More recently he has been a chairman of Soulforce Inc., an ecumenical group that tries to apply Gandhi’s and the Rev. Dr. Martin Luther King Jr.’s principles of nonviolence to advance gay rights. "We believe that the gay community hasn’t discovered nonviolence in its powerful, historic sense," he said.
White and Falwell met on Aug. 17, two months after White began writing open letters to Falwell, posted on Soulforce’s Internet site, www.Soulforce.org, complaining about language in fund-raising letters by Falwell’s organizations. White cited several lines, among them one from a 1996 fund-raising letter that said homosexuals "want total political approval and taxpayer money for their perverted political and social programs."
In the August meeting, according to DeMoss, who was present, Falwell told White that he "was willing to take a more careful look" at what went out under his name, but "without compromising what he believes biblically."
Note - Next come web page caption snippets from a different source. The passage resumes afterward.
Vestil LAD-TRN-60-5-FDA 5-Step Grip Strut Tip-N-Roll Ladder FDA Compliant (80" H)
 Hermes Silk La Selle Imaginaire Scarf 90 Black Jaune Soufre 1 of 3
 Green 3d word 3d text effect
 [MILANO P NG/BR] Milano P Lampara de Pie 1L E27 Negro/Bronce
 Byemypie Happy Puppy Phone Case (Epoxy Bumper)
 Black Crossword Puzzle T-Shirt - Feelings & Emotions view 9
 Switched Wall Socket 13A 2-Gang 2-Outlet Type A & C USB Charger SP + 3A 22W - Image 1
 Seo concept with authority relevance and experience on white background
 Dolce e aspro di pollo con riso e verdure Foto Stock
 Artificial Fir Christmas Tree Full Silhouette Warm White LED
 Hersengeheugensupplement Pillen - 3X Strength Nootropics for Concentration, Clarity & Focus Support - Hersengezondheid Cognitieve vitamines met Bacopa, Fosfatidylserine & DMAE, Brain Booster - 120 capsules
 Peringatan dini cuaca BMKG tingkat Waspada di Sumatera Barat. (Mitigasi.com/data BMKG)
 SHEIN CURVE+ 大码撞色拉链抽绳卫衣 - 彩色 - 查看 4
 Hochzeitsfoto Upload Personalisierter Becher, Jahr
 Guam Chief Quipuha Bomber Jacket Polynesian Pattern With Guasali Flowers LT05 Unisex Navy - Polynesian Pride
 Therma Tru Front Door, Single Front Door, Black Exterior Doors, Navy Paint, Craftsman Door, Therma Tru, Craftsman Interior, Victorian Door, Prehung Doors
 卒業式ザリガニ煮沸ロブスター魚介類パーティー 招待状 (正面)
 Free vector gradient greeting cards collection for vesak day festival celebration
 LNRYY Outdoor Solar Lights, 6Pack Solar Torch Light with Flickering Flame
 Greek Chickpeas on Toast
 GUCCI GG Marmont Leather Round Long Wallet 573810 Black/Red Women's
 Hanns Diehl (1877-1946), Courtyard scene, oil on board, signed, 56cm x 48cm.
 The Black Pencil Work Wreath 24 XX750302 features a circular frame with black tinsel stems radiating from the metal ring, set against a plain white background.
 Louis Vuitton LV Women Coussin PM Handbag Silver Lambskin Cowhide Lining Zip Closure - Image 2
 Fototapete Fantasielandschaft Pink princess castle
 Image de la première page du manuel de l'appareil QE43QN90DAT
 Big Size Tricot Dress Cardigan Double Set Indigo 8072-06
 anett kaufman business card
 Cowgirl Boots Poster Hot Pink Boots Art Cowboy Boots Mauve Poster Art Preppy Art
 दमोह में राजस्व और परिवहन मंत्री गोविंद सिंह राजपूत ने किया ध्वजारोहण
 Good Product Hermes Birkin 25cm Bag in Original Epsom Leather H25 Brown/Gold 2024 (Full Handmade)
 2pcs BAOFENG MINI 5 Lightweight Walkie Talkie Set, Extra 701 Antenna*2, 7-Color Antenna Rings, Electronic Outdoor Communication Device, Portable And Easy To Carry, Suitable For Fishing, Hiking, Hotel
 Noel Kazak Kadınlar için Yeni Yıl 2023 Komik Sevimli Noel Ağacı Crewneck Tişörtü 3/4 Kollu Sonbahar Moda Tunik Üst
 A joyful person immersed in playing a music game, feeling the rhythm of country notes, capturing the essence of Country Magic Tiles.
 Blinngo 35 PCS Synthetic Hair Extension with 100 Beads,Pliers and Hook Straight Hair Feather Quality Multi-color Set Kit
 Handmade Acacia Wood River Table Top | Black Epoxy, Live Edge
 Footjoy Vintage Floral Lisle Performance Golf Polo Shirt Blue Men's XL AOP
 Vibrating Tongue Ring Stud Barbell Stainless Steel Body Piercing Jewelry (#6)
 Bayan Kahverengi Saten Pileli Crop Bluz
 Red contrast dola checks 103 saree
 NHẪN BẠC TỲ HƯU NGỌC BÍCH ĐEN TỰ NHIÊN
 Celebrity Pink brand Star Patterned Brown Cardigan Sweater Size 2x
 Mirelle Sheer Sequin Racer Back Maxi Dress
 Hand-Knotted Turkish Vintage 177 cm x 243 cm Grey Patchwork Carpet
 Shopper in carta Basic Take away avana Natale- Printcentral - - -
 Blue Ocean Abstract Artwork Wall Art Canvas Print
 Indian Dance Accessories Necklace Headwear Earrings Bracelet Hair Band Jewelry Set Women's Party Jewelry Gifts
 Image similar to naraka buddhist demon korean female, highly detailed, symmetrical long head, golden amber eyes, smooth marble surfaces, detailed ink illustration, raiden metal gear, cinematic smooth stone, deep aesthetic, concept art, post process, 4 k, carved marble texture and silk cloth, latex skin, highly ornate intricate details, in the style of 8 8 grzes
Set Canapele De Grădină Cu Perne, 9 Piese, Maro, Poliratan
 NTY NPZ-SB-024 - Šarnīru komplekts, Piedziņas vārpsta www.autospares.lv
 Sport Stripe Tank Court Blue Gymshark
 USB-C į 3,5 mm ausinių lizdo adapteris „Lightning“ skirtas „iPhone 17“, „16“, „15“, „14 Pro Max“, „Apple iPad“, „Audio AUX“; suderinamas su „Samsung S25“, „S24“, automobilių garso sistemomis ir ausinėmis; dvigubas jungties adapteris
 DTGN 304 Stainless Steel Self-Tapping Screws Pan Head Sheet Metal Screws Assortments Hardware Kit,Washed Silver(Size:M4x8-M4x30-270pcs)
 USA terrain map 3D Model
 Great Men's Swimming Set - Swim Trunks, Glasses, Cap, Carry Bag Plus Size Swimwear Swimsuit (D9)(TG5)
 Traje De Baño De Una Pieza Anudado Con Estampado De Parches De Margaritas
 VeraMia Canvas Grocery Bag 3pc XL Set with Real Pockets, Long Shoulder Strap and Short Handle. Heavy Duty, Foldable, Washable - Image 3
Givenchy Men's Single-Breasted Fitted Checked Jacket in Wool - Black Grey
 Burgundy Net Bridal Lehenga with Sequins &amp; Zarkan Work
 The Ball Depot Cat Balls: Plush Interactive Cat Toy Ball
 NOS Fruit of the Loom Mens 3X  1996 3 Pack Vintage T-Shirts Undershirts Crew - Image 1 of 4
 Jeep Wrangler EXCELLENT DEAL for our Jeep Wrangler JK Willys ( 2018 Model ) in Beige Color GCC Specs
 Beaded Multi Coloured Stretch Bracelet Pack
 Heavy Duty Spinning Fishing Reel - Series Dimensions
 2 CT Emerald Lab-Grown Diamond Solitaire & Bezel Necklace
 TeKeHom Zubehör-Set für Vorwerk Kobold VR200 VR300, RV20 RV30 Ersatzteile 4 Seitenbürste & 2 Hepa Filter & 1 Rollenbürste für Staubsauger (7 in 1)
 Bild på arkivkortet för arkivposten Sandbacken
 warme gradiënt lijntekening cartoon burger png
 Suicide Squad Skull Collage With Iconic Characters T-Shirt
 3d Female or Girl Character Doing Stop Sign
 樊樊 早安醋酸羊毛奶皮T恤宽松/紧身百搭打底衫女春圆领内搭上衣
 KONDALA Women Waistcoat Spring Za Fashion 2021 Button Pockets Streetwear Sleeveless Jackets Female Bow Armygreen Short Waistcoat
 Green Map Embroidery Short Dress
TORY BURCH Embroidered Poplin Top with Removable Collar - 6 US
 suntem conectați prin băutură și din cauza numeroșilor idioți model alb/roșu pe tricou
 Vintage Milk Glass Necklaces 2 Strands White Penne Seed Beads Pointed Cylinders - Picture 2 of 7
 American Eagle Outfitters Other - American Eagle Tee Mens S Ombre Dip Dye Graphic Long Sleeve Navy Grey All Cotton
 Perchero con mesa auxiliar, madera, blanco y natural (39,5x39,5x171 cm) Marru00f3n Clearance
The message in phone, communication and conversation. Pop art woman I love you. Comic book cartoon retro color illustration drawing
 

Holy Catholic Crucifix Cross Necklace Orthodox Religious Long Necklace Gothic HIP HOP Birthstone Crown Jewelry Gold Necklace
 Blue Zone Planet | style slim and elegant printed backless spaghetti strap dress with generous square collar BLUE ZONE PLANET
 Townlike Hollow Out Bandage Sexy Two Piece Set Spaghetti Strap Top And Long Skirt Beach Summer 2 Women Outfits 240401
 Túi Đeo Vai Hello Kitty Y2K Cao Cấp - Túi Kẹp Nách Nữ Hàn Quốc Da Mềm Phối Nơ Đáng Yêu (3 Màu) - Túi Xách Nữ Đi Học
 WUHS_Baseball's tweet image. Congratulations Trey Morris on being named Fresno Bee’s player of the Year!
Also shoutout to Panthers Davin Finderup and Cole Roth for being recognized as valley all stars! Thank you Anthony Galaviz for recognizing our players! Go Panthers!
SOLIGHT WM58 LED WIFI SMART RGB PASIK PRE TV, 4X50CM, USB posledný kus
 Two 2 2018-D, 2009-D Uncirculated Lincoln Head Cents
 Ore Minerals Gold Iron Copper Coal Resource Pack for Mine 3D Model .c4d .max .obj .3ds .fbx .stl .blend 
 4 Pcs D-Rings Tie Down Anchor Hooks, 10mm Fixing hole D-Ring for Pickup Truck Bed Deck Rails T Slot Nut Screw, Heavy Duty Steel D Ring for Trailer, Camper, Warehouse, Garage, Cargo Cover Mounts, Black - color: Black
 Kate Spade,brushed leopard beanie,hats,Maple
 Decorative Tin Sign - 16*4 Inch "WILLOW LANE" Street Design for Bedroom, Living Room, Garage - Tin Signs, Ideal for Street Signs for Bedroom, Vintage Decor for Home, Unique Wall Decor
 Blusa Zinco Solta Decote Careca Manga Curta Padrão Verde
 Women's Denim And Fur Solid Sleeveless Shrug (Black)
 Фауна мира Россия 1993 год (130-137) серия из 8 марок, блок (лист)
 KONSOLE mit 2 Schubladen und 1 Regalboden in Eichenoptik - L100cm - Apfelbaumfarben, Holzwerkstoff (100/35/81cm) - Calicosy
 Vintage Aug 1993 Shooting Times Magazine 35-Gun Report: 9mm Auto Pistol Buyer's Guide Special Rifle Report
Falwell also told White that he had received threats from some gay-rights supporters in the past, causing Falwell concern for his safety, DeMoss said. At that point, he added, both men agreed that any kind of violence on this issue was wrong.
Since agreeing to the gathering, Falwell has come under criticism, particularly from fellow religious conservatives. "He’s taking heat from both sides," DeMoss said.
White said he already had a list of 200 people to take to Lynchburg: gay men, lesbians, and their friends and relatives. He said he is distributing a written pledge to participants, in the style of similar pledges used during the civil-rights movement, asking those going with him to promise to refrain from violent thoughts, words and actions.
Churches in Lynchburg have called to offer hospitality, he said.
"To me, it’s a historic event if it comes off, even if Jerry lectures us," White said. "If Jerry invites us to dinner just to preach to us, he’s invited us to dinner. And he and his 200 people will see we do not have horns."